However no one in 39-40 would have regarded France collapsing in six
weeks as a possible outcome, much less a likely one. US
policy in this period must be viewed through that lens.
FDR did not want the West to lose but never seriously considered before
Dunkirk that such a result was even remotely possible.
That being the case, FDR felt free to indulge the US popular opposition
to any involvement in European Wars. So
this ATL requires that the British exaggerate the perceived dangers beyond what
elite opinion thought was likely. The
British had a very good propaganda machine in the US aided and abetted by
elements in the US media and a VERY Anglophile US Protestant East Coast elite. US
intervention was out of the question. FDR
lacked the balls after 1938 for such a risk and would probably have failed had
he tried. However there was
precedent from the Spanish Civil War for “volunteer” units.

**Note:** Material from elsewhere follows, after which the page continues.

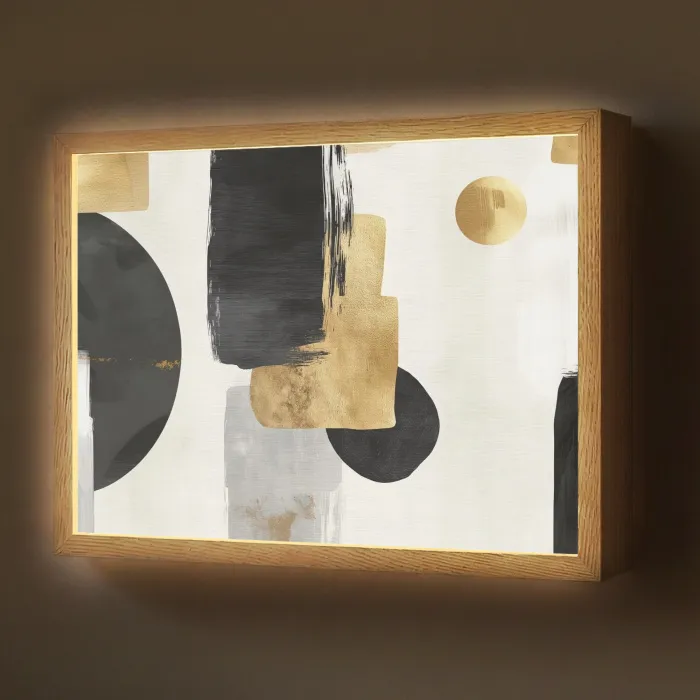 Goud - Rechthoeken - Cirkels - Abstract Light Box met batterij (Wandlamp) middel -z3d_website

The US had de facto sent two small brigades to fight for the Reds in
Spain. Italy had sent a small army
and Germany a mixed air/armor force [the Condor Legion].
Regrettably in 1939 the political supporters of the internationals
followed the Moscow line of anti-interventionism in the plutocrats war.
However, the British Labor Party and the left wing of the FDR
administration had enough contacts among the anti-Stalinist US left to have
remobilized the nominal framework of the brigades as an anti-Hitler volunteer
force in Canada. Presume
this was done. Say one hundred
thousand volunteers of various stripes are mobilized.
A special Canadian bond issue pushed by the Anglophile US elites
mentioned above funds this. FDR
does for London what he did for Chiang and allows serving officers to take a
leave of absence to participate [this amounts to giving semipublic US blessing
but can be explained away using the precedents of the Spanish Civil War, the
French Foreign Legion, the Lafayette Escadrille etc – in fact FDR allowed this
to an extent with the Eagle squadrons of the RAF a year later].
As
is my pattern in such situations I will allow an old cavalry colonel by the name
of George Patton to volunteer for command. George is the sort of romantic fool to jump at the chance of
combat. He was also enough of an
army politician to see that a three star combat command would be his ticket to
high command of US forces should the US enter the war. So
the Loyal Americans get a few brief months training in Ontario and are ferried
over to France during the winter of 39-40.
Say by the end of April Patton has eighty thousand men in the Pas de
Calais grouped into two nominal divisions plus the original two brigades
[Lincoln and Washington]. What he
would not have had is much equipment. The
British would have given ‘real’ units priority on US war material.
However it would have been politically impossible to treat these men the
way the British treated their own territorial divisions, as essentially labor
service units instead of combat formations.
So give George’s forces a full complement of motor vehicles – US had
more than enough trucks, pickup trucks, autos, motorcycles etc.
The units would have had basic WW1 infantry arms in sufficient quantity.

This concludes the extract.